As if it isn’t hard enough to eat well in our overly ‘convenient,’ ‘sweet,’ ‘pre-fab’ culture, it looks like my husband has a problem with gluten.  After eliminating several early diagnoses of diverticulitis and intestinal adhesions, some research on our part, and a change in our diet is leading us to believe that he is indeed sensitive to gluten.  This is not the same thing as celiac disease which is an auto-immune disorder whereby gluten causes damage to the lining of the intestine, blocking absorption of nutrients and, as you might guess, also causes a myriad of symptoms that accompany malnutrition.  Although Celiac disease is thought to be a much more serious health problem, there are experts who claim that while gluten sensitivity is a lesser reaction to gluten, it is nevertheless one that may cause a host of discomforts as well as chronic illness.

So back to the difficulties of eating the way you want in our culture… there is gluten in many, many processed foods (often masqueraded with names like emulsifier, hydrolyzed plant protein, natural flavorings, stabilizers and starches).  Yet another reason to avoid products that have vague or unrecognizable ingredients.  It also turns out that wheat has been bred / hybridized to increase gluten content as we Americans like springy, spongy bread that you can roll into balls and throw at your classmates (oops sorry a memory interjected itself there). This increase has been followed with an increase in celiac disease!

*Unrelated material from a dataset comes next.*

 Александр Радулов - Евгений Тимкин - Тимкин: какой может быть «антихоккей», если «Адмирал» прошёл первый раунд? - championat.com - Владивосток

All this to say that this morning I altered my usual pancake recipe by substituting buckwheat flour for whole wheat flour.  The recipe is:
1 cup oats
1 cup flour
1 Tbsp baking powder
1 tsp salt
1 tsp – 1 Tbsp cinnamon (optional)
2 small eggs or 1 jumbo egg
2 Tbsp oil (or melted butter)
1 3/4 cup buttermilk
1 tsp vanilla (optional)
Mix dry, mix wet, mix together and following my little sis’ advice, cook on an evenly hot surface that is only mildly oiled, if at all (see her post “Cast Iron Pancake Chef“).  I usually do 1.5 or 2 times this recipe so I can freeze leftovers for future breakfasts.

And remember, that no matter what nutritional advice, warning, fad, new info, latest thang you follow, nothing is ever better than eating fresh, whole foods.